Une autre recrue, très représentative de la nouvelle couche de militants du P.C., est Constancia de La Mora. Fille d'une des plus grandes familles de l'oligarchie espagnole, petite-fille d'Antonio Maura, homme d'Etat conservateur pour qui elle ne cache pas son admiration, elle entre en conflit avec sa famille et son milieu à la suite d'un mariage désastreux avec un señorito de Malaga (Bolin, dont parlent par ailleurs Koestler et Chalmers Mitchell). Divorcée et remariée avec Hidalgo de Cisneros, elle a dirigé la censure à Madrid, n'hésitant pas à censurer les décisions du gouvernement, conformément aux ordres de son parti.
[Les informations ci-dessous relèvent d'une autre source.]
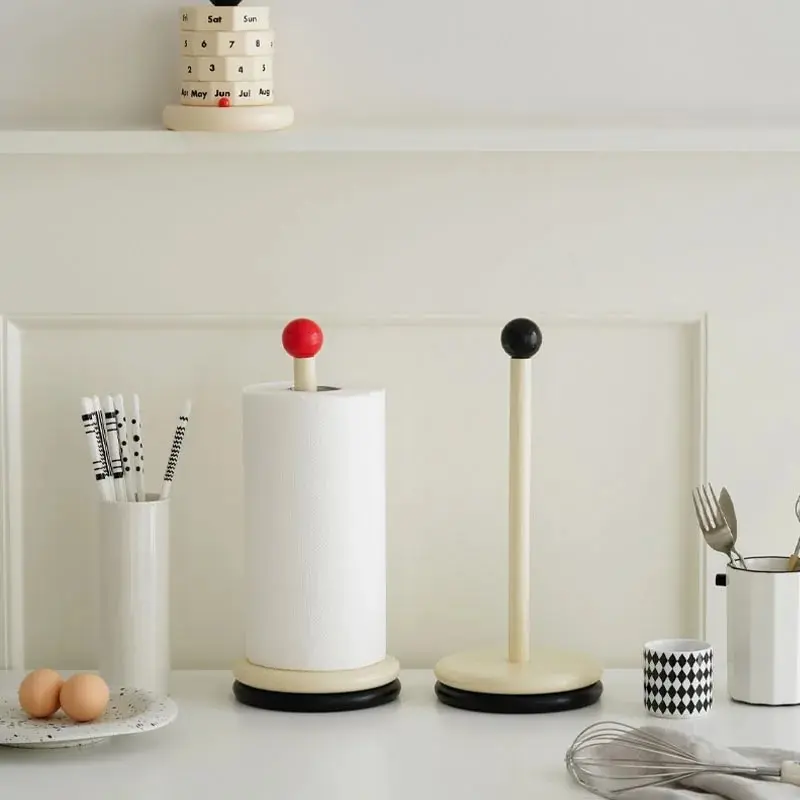 

Nordic ins style dots and circles kitchen paper towel rack home decoration roll storage wooden bracket ornaments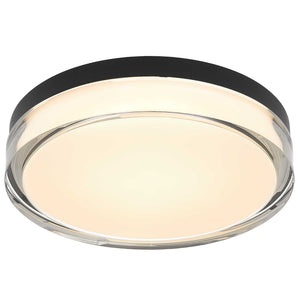 English Elm 12-inch Flush Mount Ceiling Light Dimmable Led Frosted Acrylic Matte Modern Fixture Black B370P398958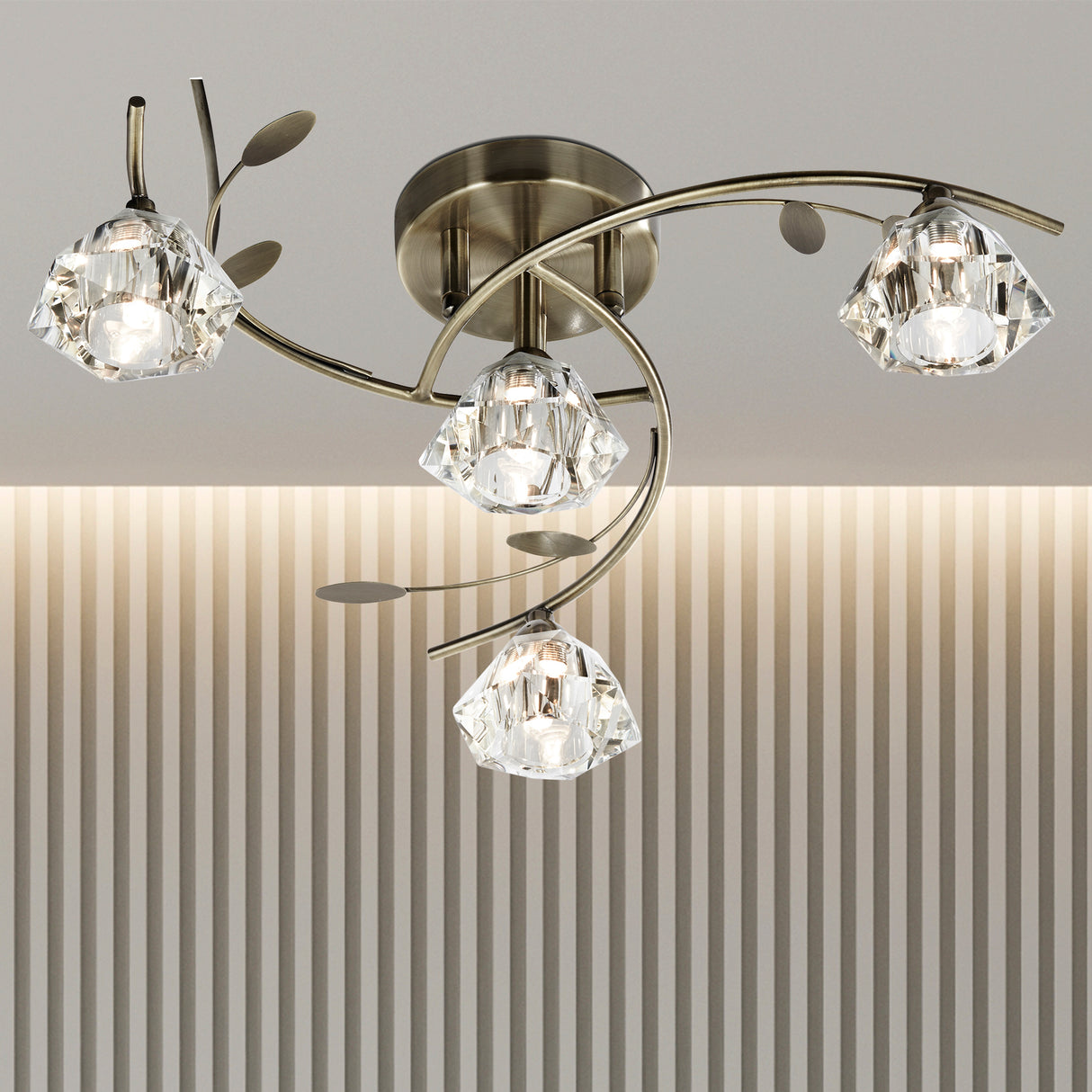 Searchlight Electric Sierra 4Lt Semi-Flush Ceiling Light - Antique Brass & Glass 2634-4AB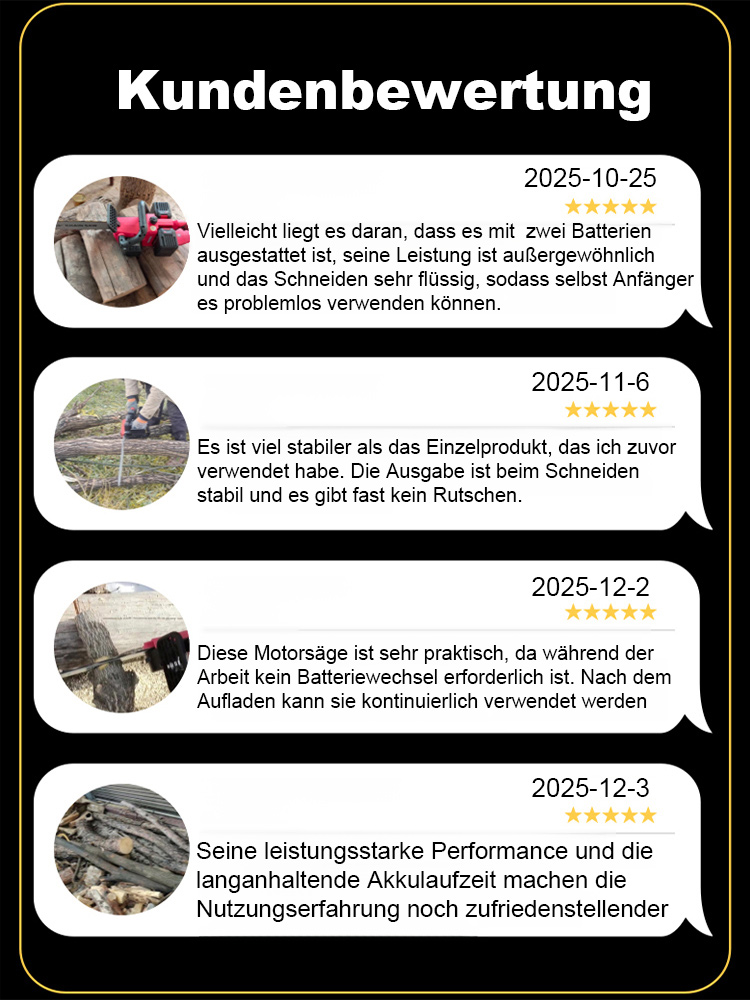 Durchtrennt 80-cm-Baumstämme in 3 Sekunden! Hochleistungs-Elektro-Kettensäge für Holzarbeiten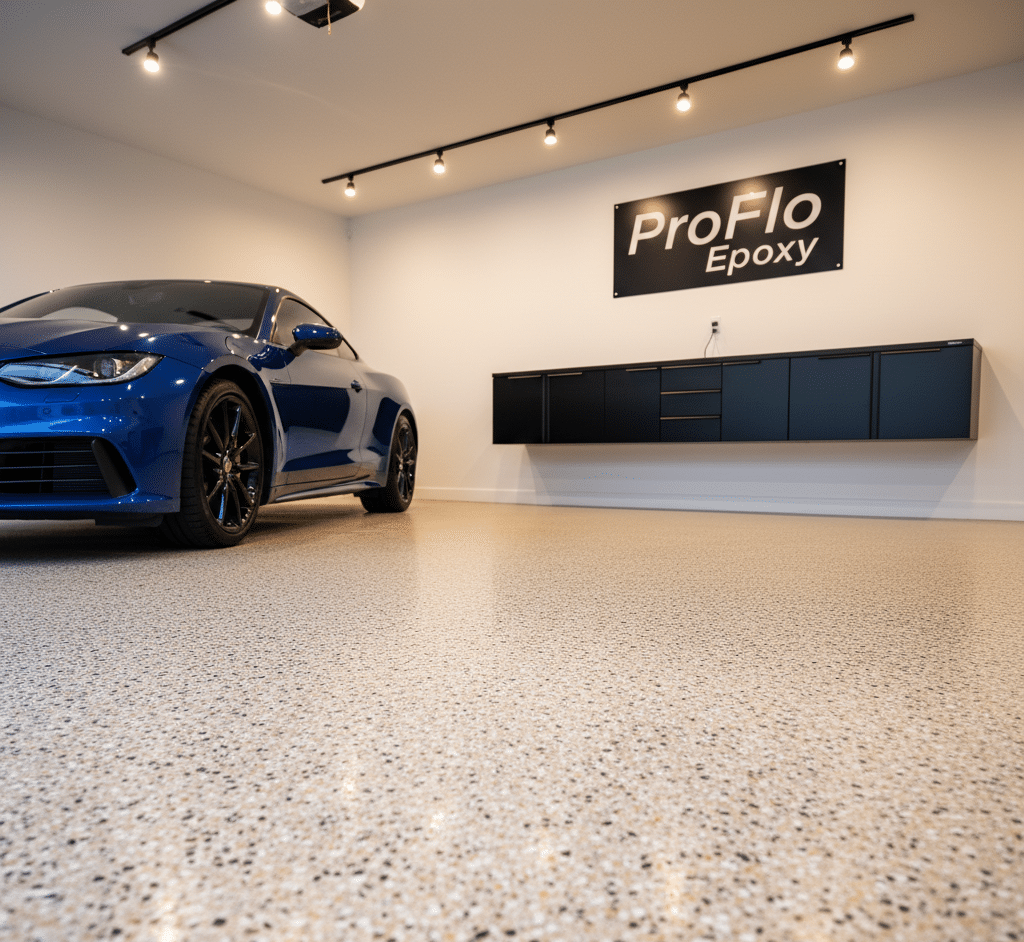 Epoxy Flake modern garage Birmingham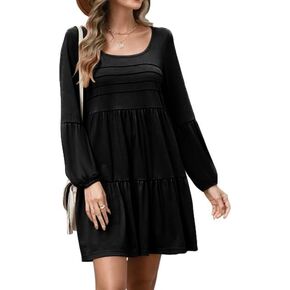 ETCYY NEW Womens Shift Dresses Pleated Front Scoop Neck Tunic Dress Long Sleeve Casual Flowy Swing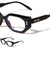 Two Dot Rivet Accent Geometric Cat Eye Blue Light Blocking Wholesale Eyewear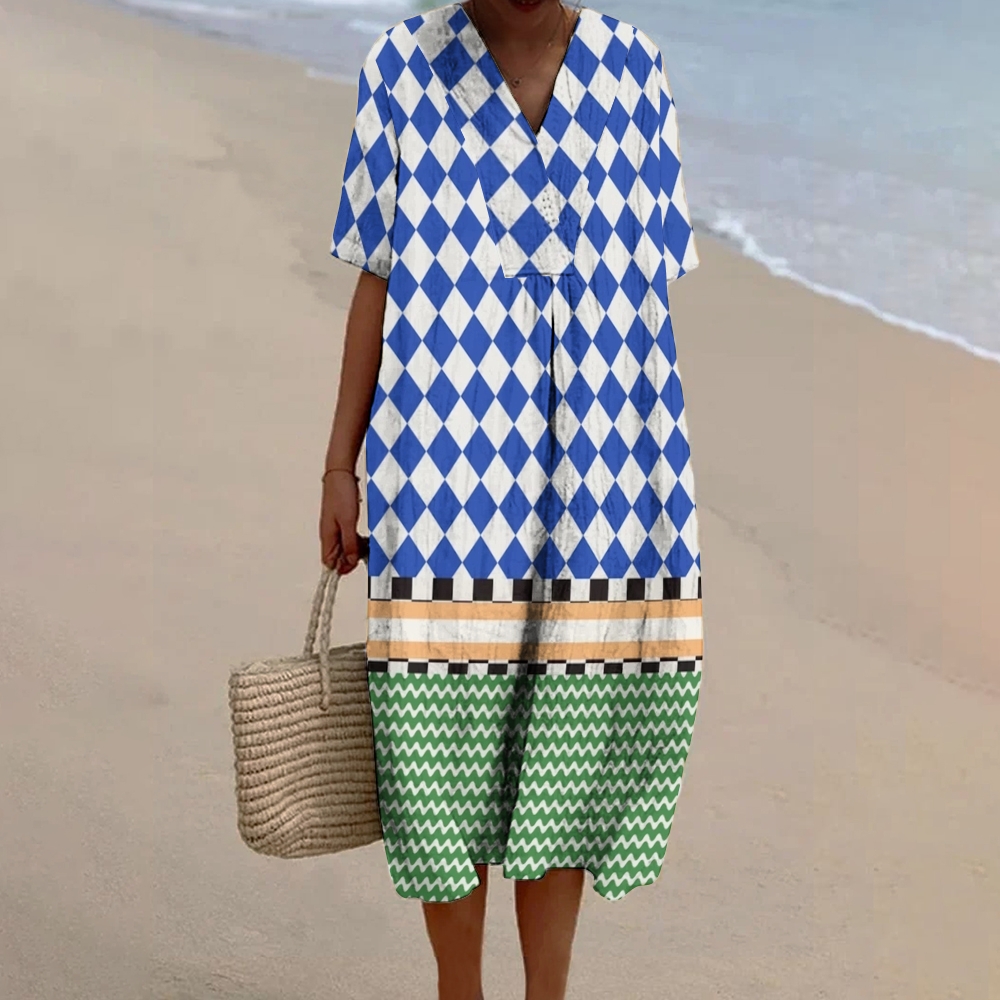 Women's Abstract Geometric Splicing Print Flowy Linen Dress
Son autobiographie, Fière Espagne, est un intéressant témoignage : cette femme intelligente, énergique et courageuse, parle encore le langage de sa classe et manifeste aux « ultra-révolutionnaires » la même hostilité que son grand-père aux socialistes.

[29] La Pasionaria, dans Mundo obrero du 19 mars 1937, citant un état des pertes subies par le corps des commissaires, révèle, peut-être involontairement, la prépondérance communiste : sur 32 commissaires tués, 21 appartenaient au P.C., 7 à la J.S.U. ; sur 55 blessés, 35 étaient du P.C., 1 de la J.S.U. Même si l'on admet, avec elle, que les communistes, plus héroïques que les autres par définition sont donc plus exposés que les autres, il est clair que leur influence était prépondérante. Caballero accuse nettement Del Vayo d'avoir favorisé leur pénétration. Prieto incrimine Anton, chef des commissaires du front de Madrid, et membre du bureau politique du P.C. Il est incontestable que le P.C. comprit avant les autres organisations l'importance du rôle des commissaires et que les candidats communistes furent plus nombreux que les autres.

[30] Enrique Rodriguez, responsable du P.O.U.M. à Madrid fut informé de cette décision par le socialiste Albar qui lui dit : « L'ambassadeur Rosenberg a mis son veto à votre présence. C'est injuste, bien sur, mais comprenez-nous : l'U.R.S.S. est puissante ; entre nous priver de l'appoint du P.O.U.M. et nous priver de l'aide de l'U.R.S.S., nous avons choisi. Nous préférons nous incliner et refuser le P.O.U.M. » Andrade et Gorkin se rendent alors à Madrid, mais échouent eux aussi. Le P.O.U.M. ne sera pas représenté dans la Junte.

[31] Cité par Berneri, Guerre de classes en Espagne,p. 40.